By David Umbaugh posted 02-17-2022 15:46

  

This blog was crafted by the Secretary of the Graduate Student Leadership Committee Communications Subcommittee to share the experience and encourage graduate students to take advantage of this opportunity.

I received funding through the SOT Supplemental Training for Education Program (STEP) to attend a weeklong workshop on deep learning and its biomedical applications. This workshop was hosted virtually through the National Institute of Health’s Foundation for Advanced Education in the Sciences (NIH/FAES). The workshop consisted of morning didactic lessons followed by afternoons with hands-on coding sessions in Python, using powerful deep learning packages such as Pytorch. The workshop culminated in a final project where we applied deep learning algorithms to our own datasets to answer a relevant question of interest. My goal in taking this course was to be introduced to this exciting field and to begin brainstorming ways to apply this to my research.

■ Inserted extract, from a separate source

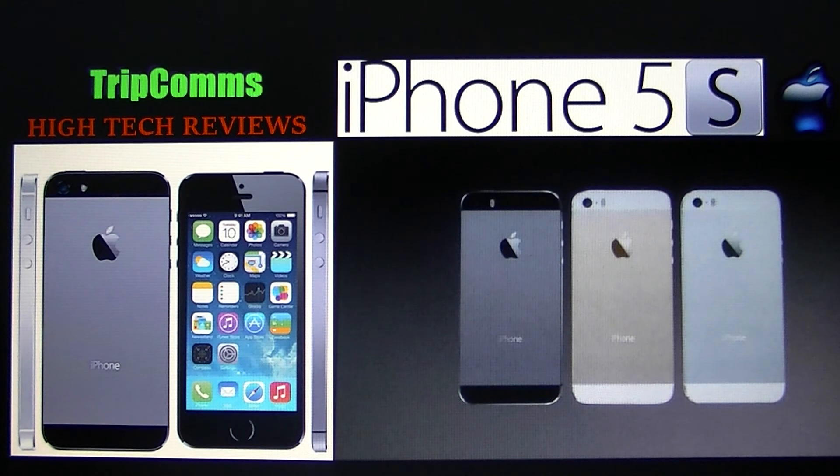Thank you guys for checking out TripCom's high-tech review of the Apple iPhone 5S. Make sure to comment and please hit the like button — we greatly appreciate any support you throw our way. Make sure to check out all of our videos here at Trippy Commentaries, where we'll be covering more high-tech reviews in the future. Peace out and we'll see you next time.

Broadly speaking, I am interested in mixing wet lab and computational approaches to derive novel biological insights into liver injury and regeneration with the aim of identifying novel therapeutic targets. As part of my dissertation work, I have collected large amounts of single cell RNA-sequencing (scRNAseq) data, which is an exciting area to utilize deep learning strategies to analyze these massive datasets. “Deep learning” is a general term often used to refer to a neural network (with more than one hidden layer!), essentially an algorithm designed to make predictions. For example, a neural network could be used to identify cell populations in scRNAseq data. Throughout the course, we were introduced to various types of neural networks, such as convolutional neural networks (often used in image processing and microscopy applications), recurrent neural networks (often used text-mining/time series), generative adversarial networks (two neural networks competing against one another to improve each other), and graph neural networks (GNN, increasingly used to analyze scRNAseq data).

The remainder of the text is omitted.